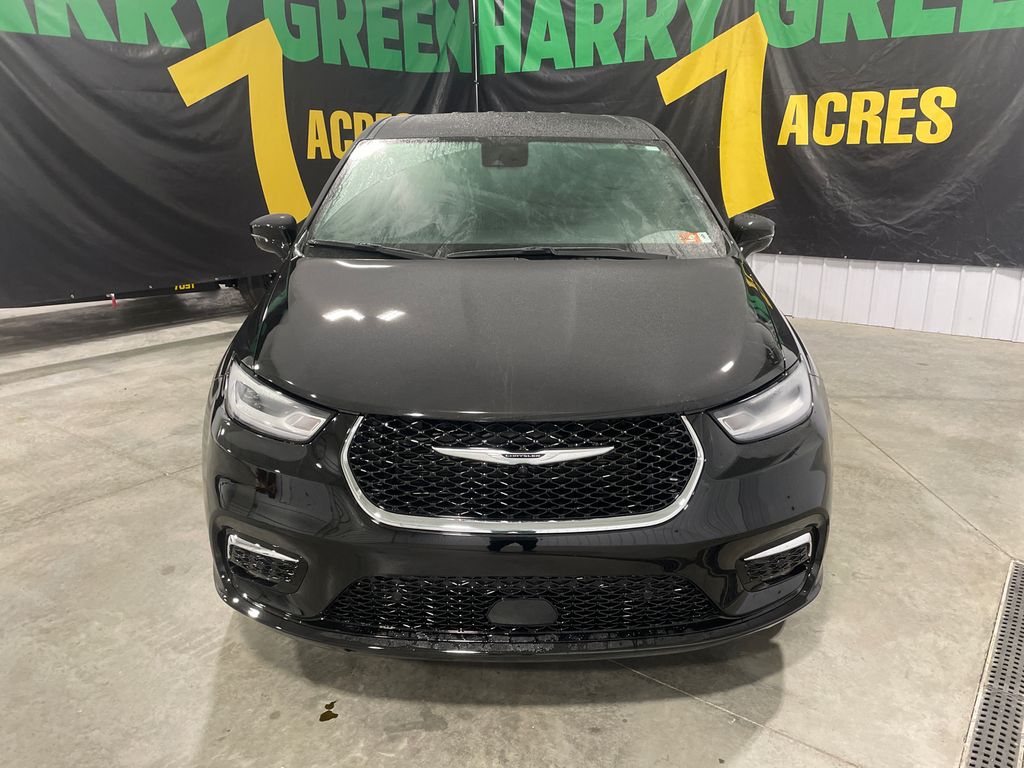 2026 Chrysler Pacifica photo 2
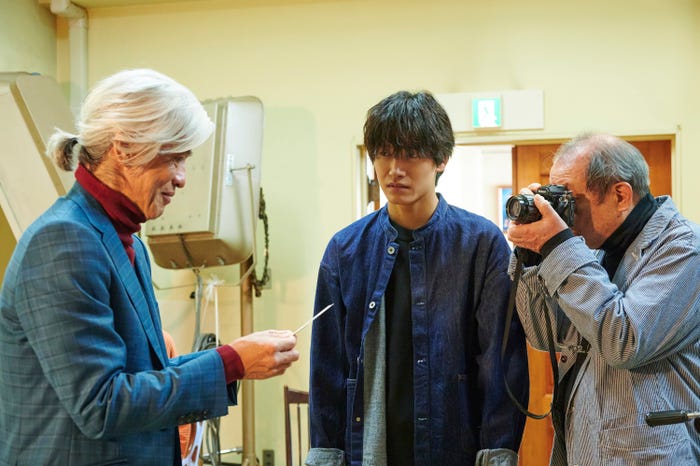 佐藤浩市、佐野晶哉、平泉成(C)2024「明日を綴る写真館」製作委員会 (C)あるた梨沙/KADOKAWA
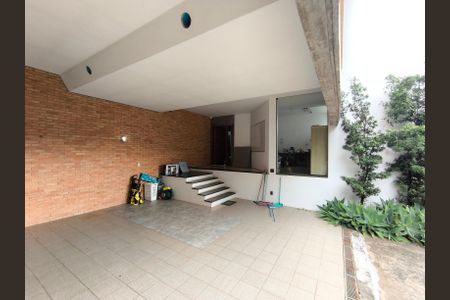 Casa à venda com 780m², 4 quartos e 8 vagasExterior e Garagem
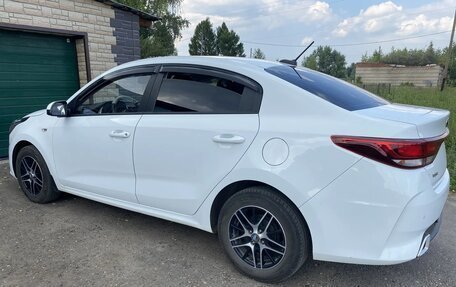 KIA Rio IV, 2021 год, 1 680 000 рублей, 2 фотография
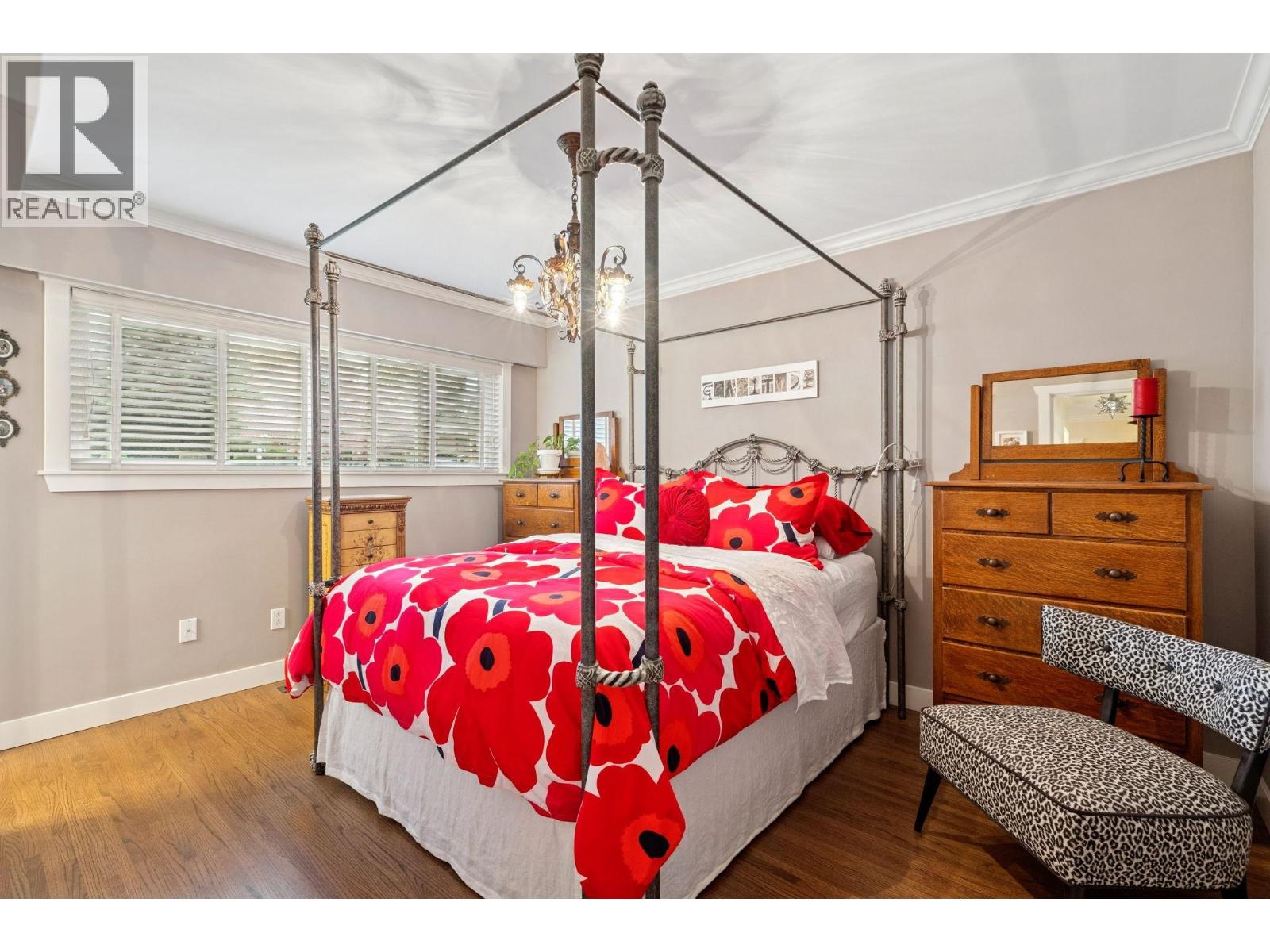 1501 MARINE CRESCENT, Coquitlam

[Problem details]
Transcribe every entry above exactly. Omit all pictures.

[Output for this task]
 2026 Chrysler Pacifica photo 2
 佐藤浩市、佐野晶哉、平泉成(C)2024「明日を綴る写真館」製作委員会 (C)あるた梨沙/KADOKAWA
 Casa à venda com 780m², 4 quartos e 8 vagasExterior e Garagem
 KIA Rio IV, 2021 год, 1 680 000 рублей, 2 фотография
 1501 MARINE CRESCENT, Coquitlam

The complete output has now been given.